[WHAT THE TASK ASKS]
Please reproduce exactly, and only, the line containing "Открытка С ромашками" and every line after it to the end of the records below, leaving out all pictures.

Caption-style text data

• • • • •

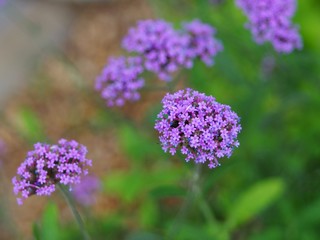 Verbena Bonariensis is a purple flower, The meaning of this flower is the happiness of everyone in the family. In addition, the Verbena is also another meaning. Please pray for me.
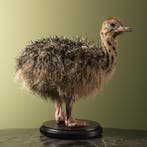 Struisvogel Kuiken Taxidermie Opgezette Dieren By Max, Ophalen of Verzenden, Nieuw, Vogel, Opgezet dier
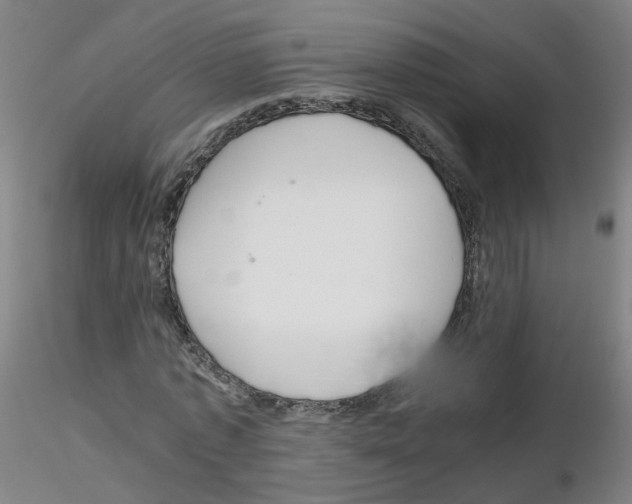 X0000116120773201001040949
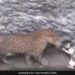 Leopard And Cat Fight After Falling Down A Well In Nashik See Shocking Video – तेंदुआ करने जा रहा था बिल्ली का शिकार, तो बिल्ली ने दिखाई बहादुरी, सामने खड़े होकर किया कुछ ऐसा और फिर…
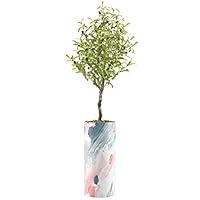 SIGNWIN Olive Tree with Pink, Blue & Gray Watercolor Brushstroke Splatter Vase Abstract Shapes Minimalism Zen Colorful Multicolor Ultra for Living Room, Bedroom, Office - X-Large 5 Feet (60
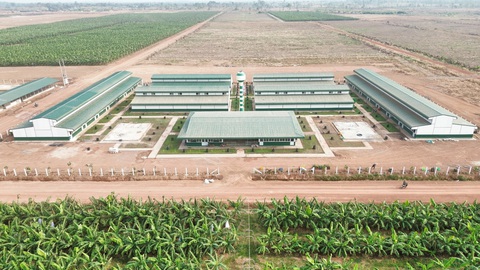 THACO AGRI đầu tư cơ sở vật chất, chăm lo đời sống người lao động- Ảnh 1. Khu nhà ở tại Nông trường DP1.1 KLH Koun Mom được THACO AGRI đầu tư khang trang, tiện nghi - Ảnh: THACO AGRI.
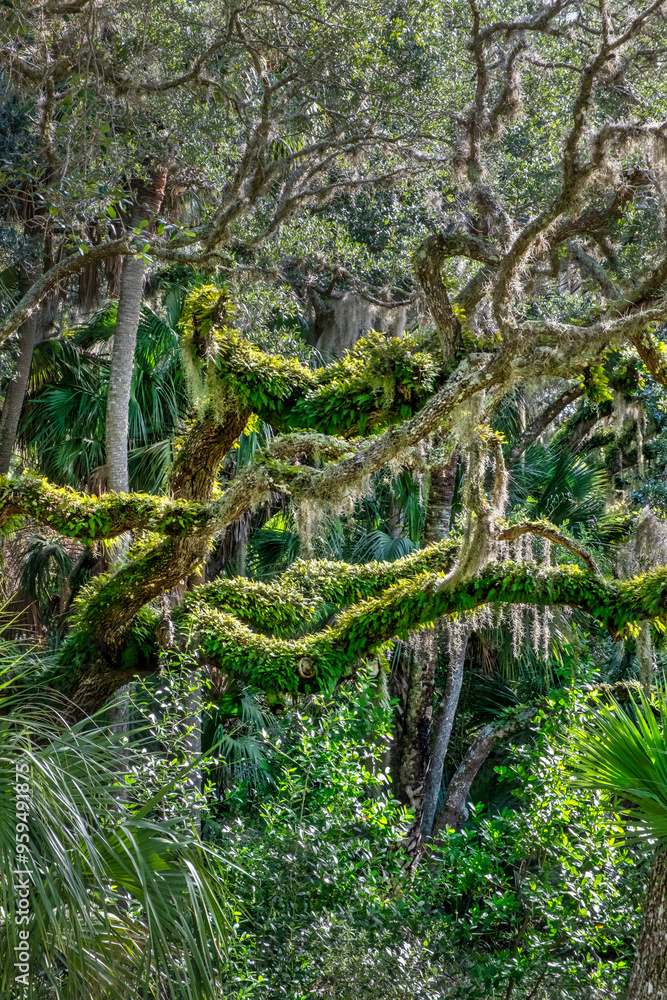 Live oak trees among palm trees, Florida Live oak trees among palm trees, Florida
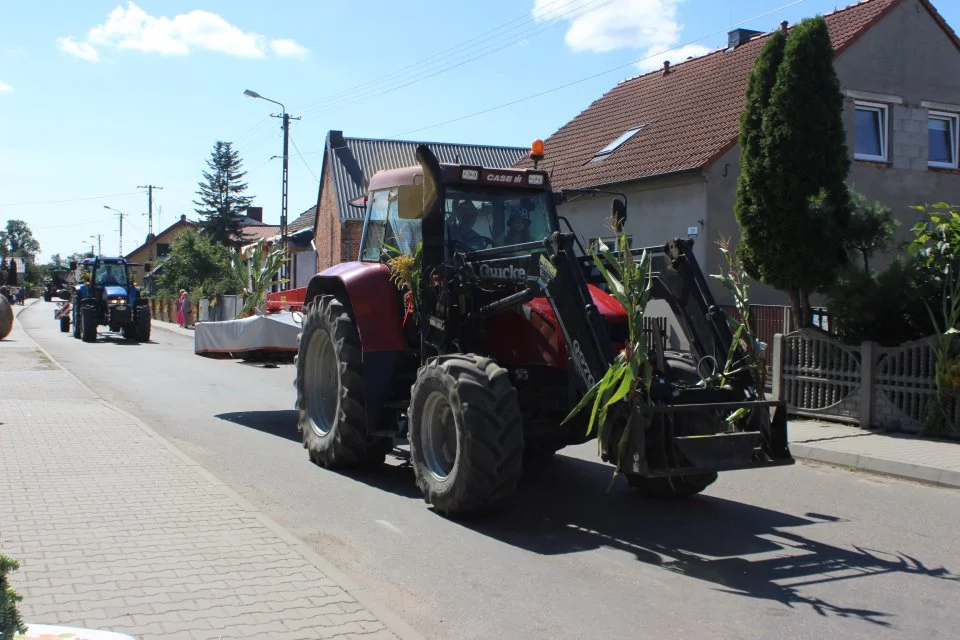 Dożynki wiejskie w Świnkowie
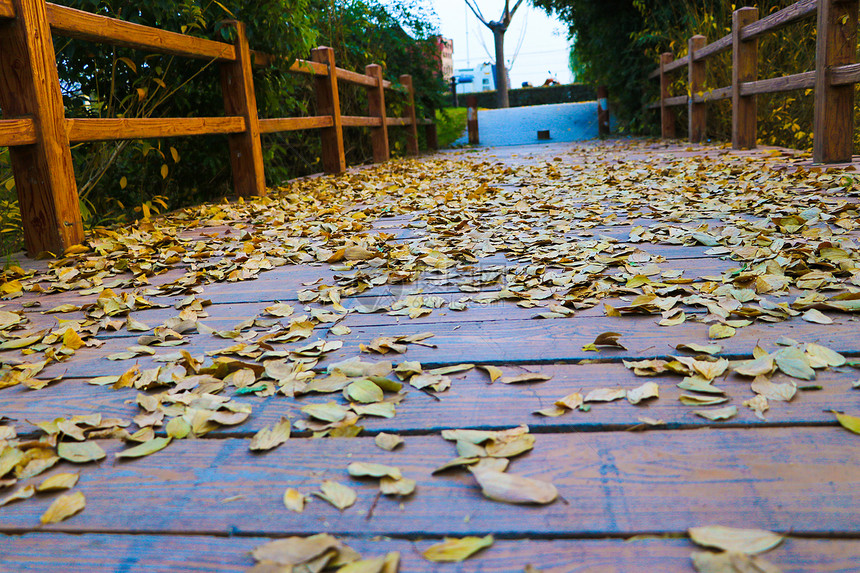秋季的落叶图片
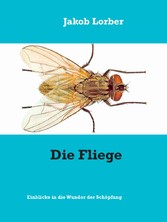 Die Fliege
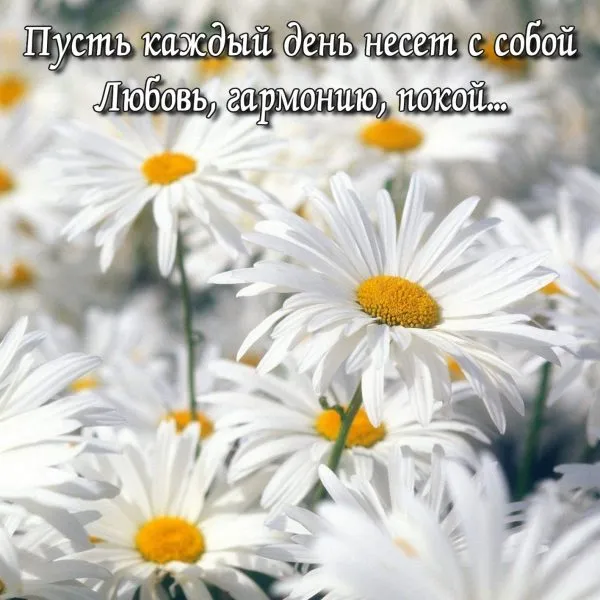 Открытка С ромашками - Поле с ромашками: нежная открытка с цветами | Красивая открытка #119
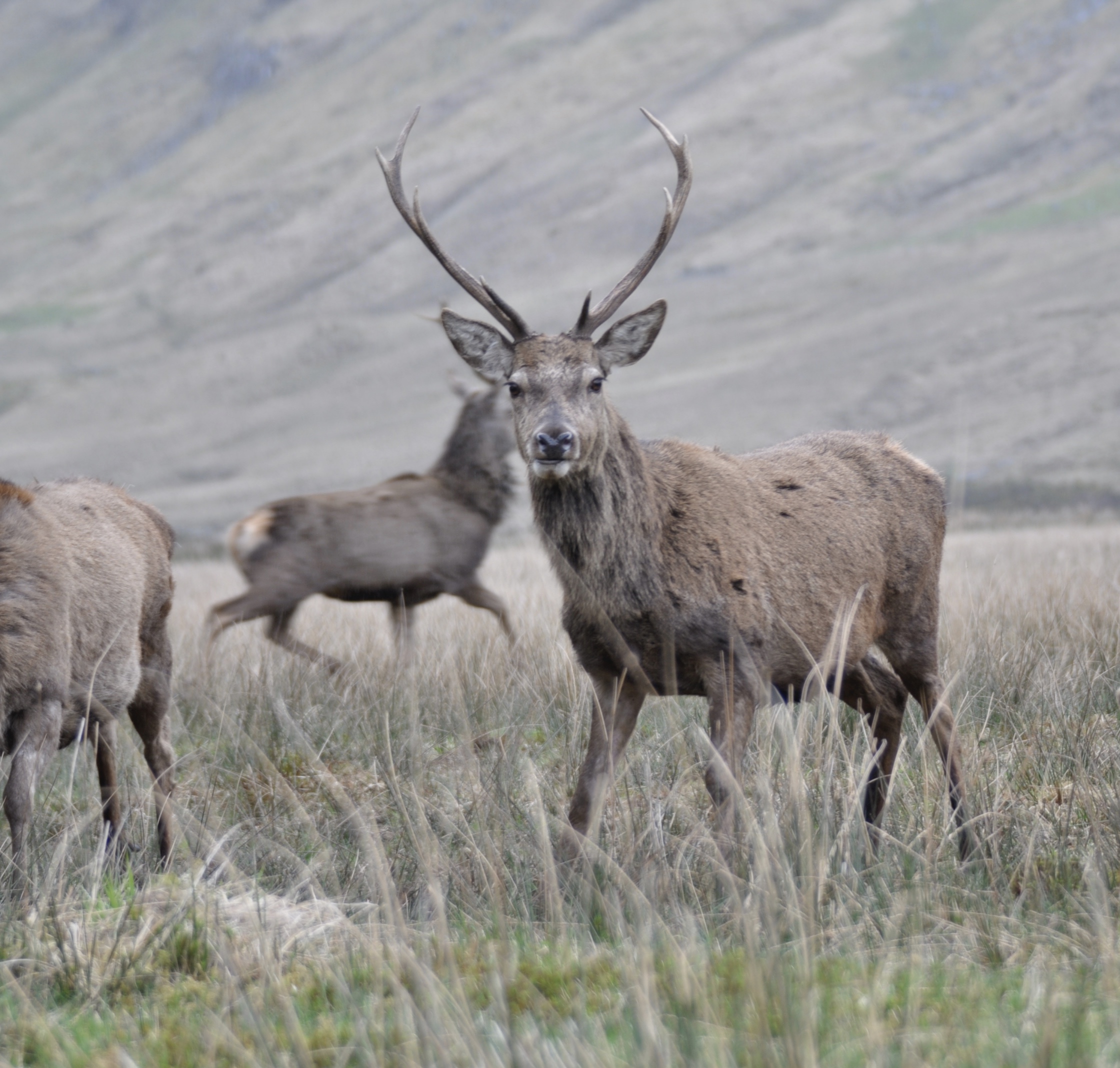 Gamekeepers want new nature restoration powers removed from the Environment Bill
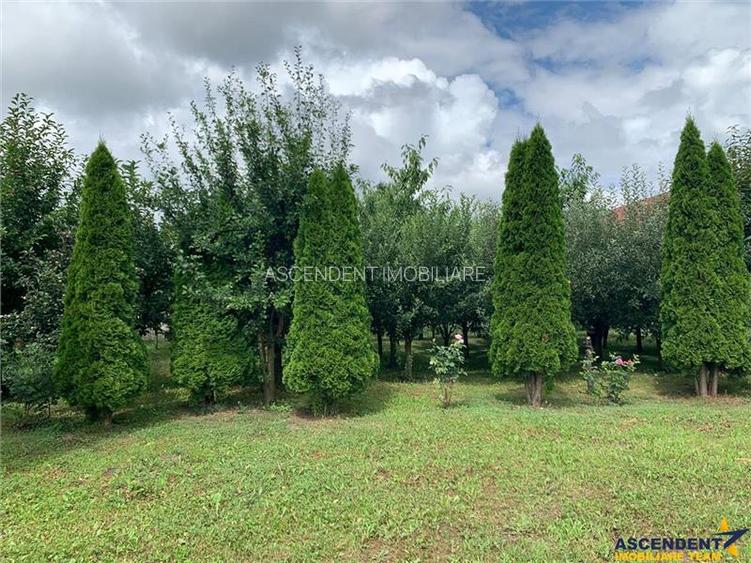 Teren intravilan 1.409 mp, livada, utilitati disponibile – ideal rezidential sau - 6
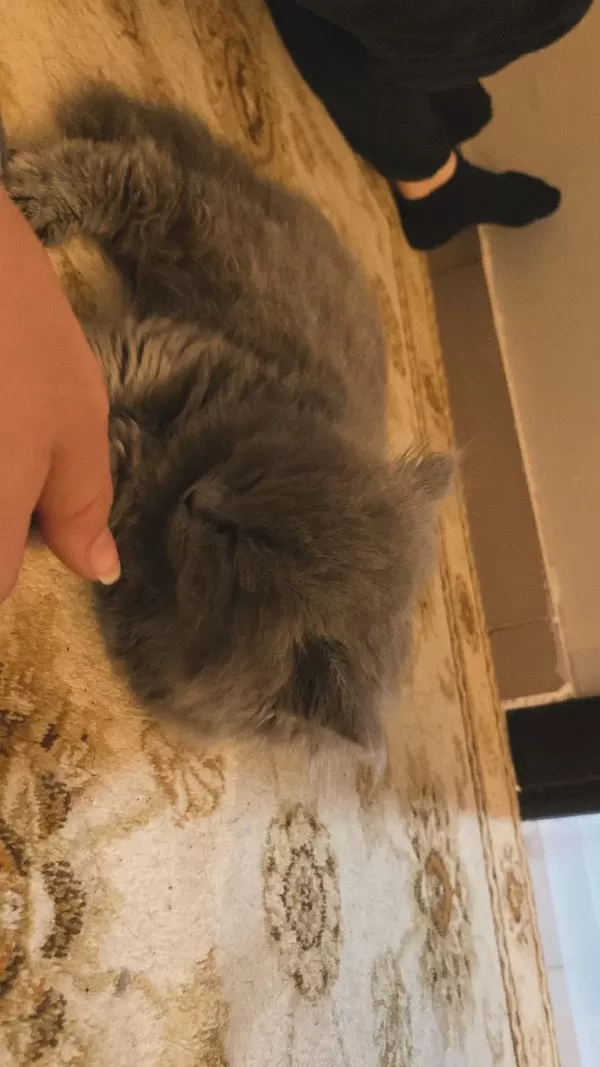 British Longhair Kedisi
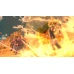 Dragon Ball Xenoverse 2 (PC) - Steam Key - EUROPE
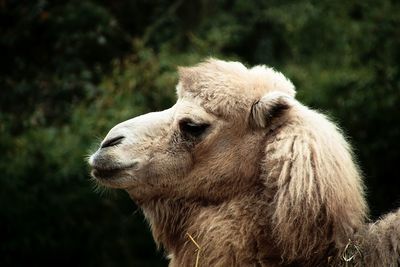 Close-up of animal looking away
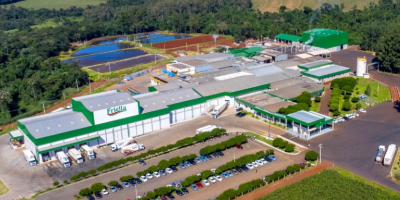 Friella abate 4 mil suínos/dia e supera 450 toneladas de produção, consolidando expansão no mercado nacional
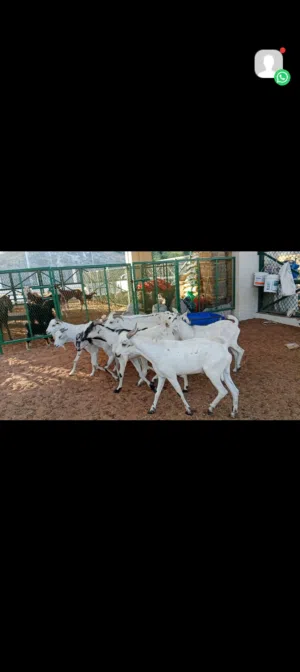 goats for Eid al adhah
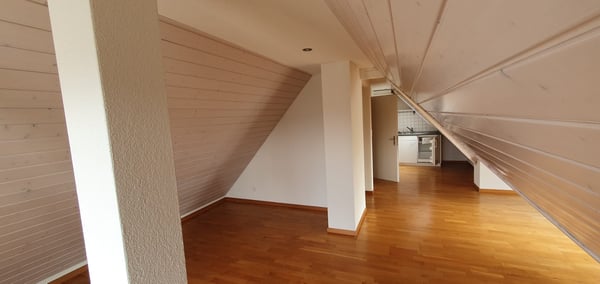 1 Zimmerwohnung / Dachgeschoss 4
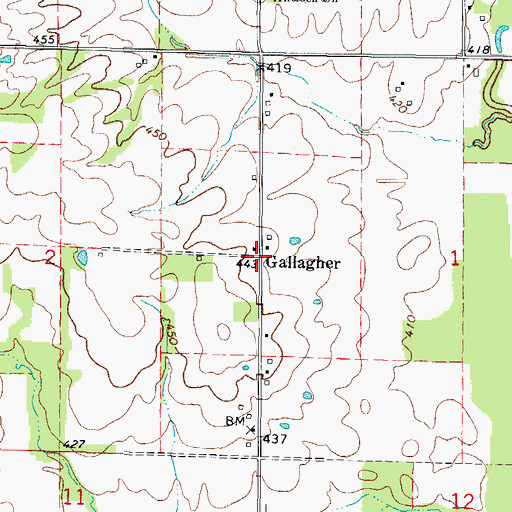 Topographic Map of Gallagher, IL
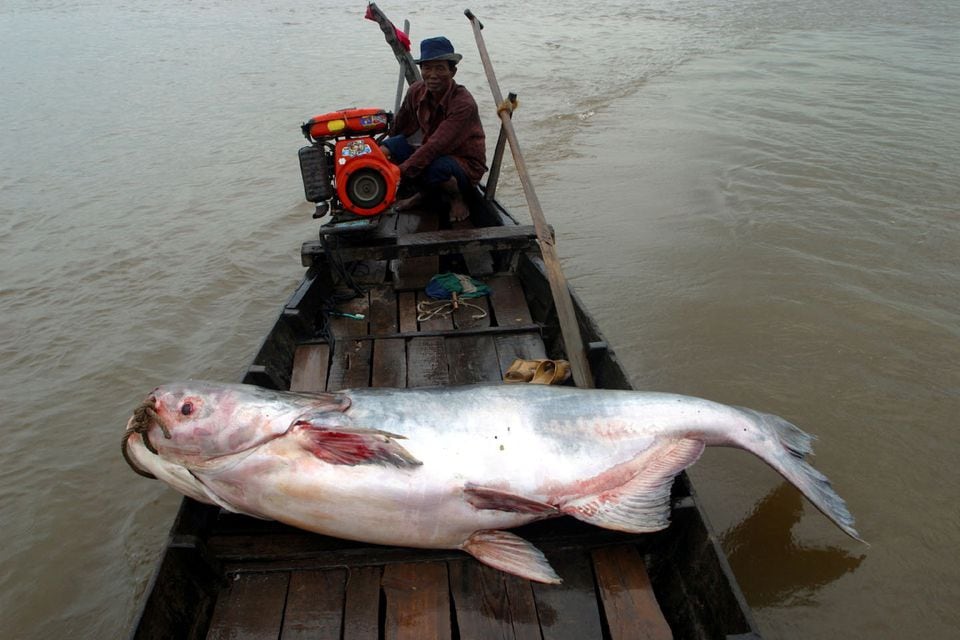 1/5 loài cá ở sông Mê Kông có nguy cơ tuyệt chủng- Ảnh 1.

• • • • •

[OUTPUT FOR THIS EXERCISE]
 Открытка С ромашками - Поле с ромашками: нежная открытка с цветами | Красивая открытка #119
 Gamekeepers want new nature restoration powers removed from the Environment Bill
 Teren intravilan 1.409 mp, livada, utilitati disponibile – ideal rezidential sau - 6
 British Longhair Kedisi
 Dragon Ball Xenoverse 2 (PC) - Steam Key - EUROPE
 Close-up of animal looking away
 Friella abate 4 mil suínos/dia e supera 450 toneladas de produção, consolidando expansão no mercado nacional
 goats for Eid al adhah
 1 Zimmerwohnung / Dachgeschoss 4
 Topographic Map of Gallagher, IL
 1/5 loài cá ở sông Mê Kông có nguy cơ tuyệt chủng- Ảnh 1.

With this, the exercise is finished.